As a presenter, you don’t always know how you’re doing, although Ash had a clue it had really not gone well. The post-match was carried out in a nearby venue. Mrs O and Bailey had the short straw to deliver the bad news. They’d already spoken to the rest of us on the phone. It was our worst day in the campaign, it had been our worst day so far, but on reflection, it was our worst day for the whole campaign.
At around 1 am. I started a little ‘pick up and dust off’ chat in our core team. I’ll not copy the whole thing here but grab the start.
“Since the dawn of humanity, we’ve gathered round the fire, feeling the warmth on our skin, telling stories beside old friends and new. Stories are who people are, and what motivates us, they cause us great sadness, anxiety and fear. They have the power to make you dream and the power to make you cry. We don’t remember every word of the story we tell, but we remember the feelings and the thoughts we have during them. We ask ourselves questions and imagine ourselves the heroes. For every story we share, we add our own touch, our own sparkle and our own light and no story is ever told the same twice.

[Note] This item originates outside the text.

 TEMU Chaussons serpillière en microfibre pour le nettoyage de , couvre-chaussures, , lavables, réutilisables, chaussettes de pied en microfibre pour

Stories move us from strangers to friends, they move us from firm ground to daring to dream. They are the powerhouse of every thought and every imagination. They’re unbreakable in your mind because they are the culmination of what you think and feel, they’re compelling and entertaining because they inspire others. Stories are what we are. Let’s go tell our story”

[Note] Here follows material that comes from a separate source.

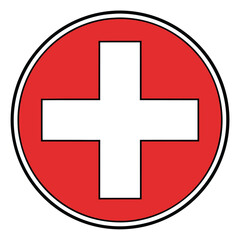 Fototapeta premium Swiss flag button icon with a red cross symbol, representing medical emergency, health, and first aid, in a simple circular design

At around 8 am, a new plan was devised and moved into action. If you’ve seen the ‘Let Bartlett be Bartlett’ scene in the West Wing – this was plan ‘Let Ash be Ash’. We’d banned gimmicks, binned the prep sheets, we’d binned the folder of answers, and we locked down any debate prep or further inputs.

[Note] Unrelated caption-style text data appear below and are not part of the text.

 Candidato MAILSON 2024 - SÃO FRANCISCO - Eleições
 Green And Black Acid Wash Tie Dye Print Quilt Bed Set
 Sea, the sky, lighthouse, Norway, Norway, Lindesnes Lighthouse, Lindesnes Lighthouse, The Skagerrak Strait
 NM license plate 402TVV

It was a long road up the A9 to Inverness, but Mrs O and I got into the car and shot up. Today there would be only one input – a can of Red Bull and raw Ash – unleashed.
We got to the venue and carried out check-in. I advised Ash was running a bit late due to traffic following a car fire on the way in. SNP HQ informed me they’d not be waiting for anyone and that it would start on time. Only after it was apparent Humza and Kate would also be late – was it suddenly not an issue. All three candidates arrived just minutes before showtime.
The Eden Court Theatre was possibly one of the nicest venues for the hustings, the lighting was much better, with massively improved audio. It felt good.
I don’t know if you will have watched the Inverness Hustings – however, it was night and day, from tragic the day before to First Ministerial the day after. A new Ash appeared and moved into a whole new groove. She commanded her opening, her questioning and close. She got rapturous applause and stole many of the key lines. Humza and Kate looked on in apparent surprise.
Our sentiment analysis was looking good and our media appraisals looked favourable! We’d gone from the worst performance to the best, in one night – with nothing more than a Red Bull to unleash the fire we knew Ash had within her.
Ash’s partner was so impressed – he promised us all a curry night on his return! (He kept that promise and we’ll cover it later).
Plenty of fire emojis were used in the chat 🔥, along with hearts ❤️, and saltires 🏴. A newfound energy was formed and the team started hammering out the post-game messaging.
Following the hustings – we dropped into the fabulous InverYess Indy Hub, which was hosting events that day. They absolutely loved the hustings and had a lot of input on how it went. It was really nice to do this after a good day. While Ash had done a metric ton of media interviews – it was always nice to see she seemed much more comfortable and at home with fellow Yes campaigners. They shared soup and stories of campaigns.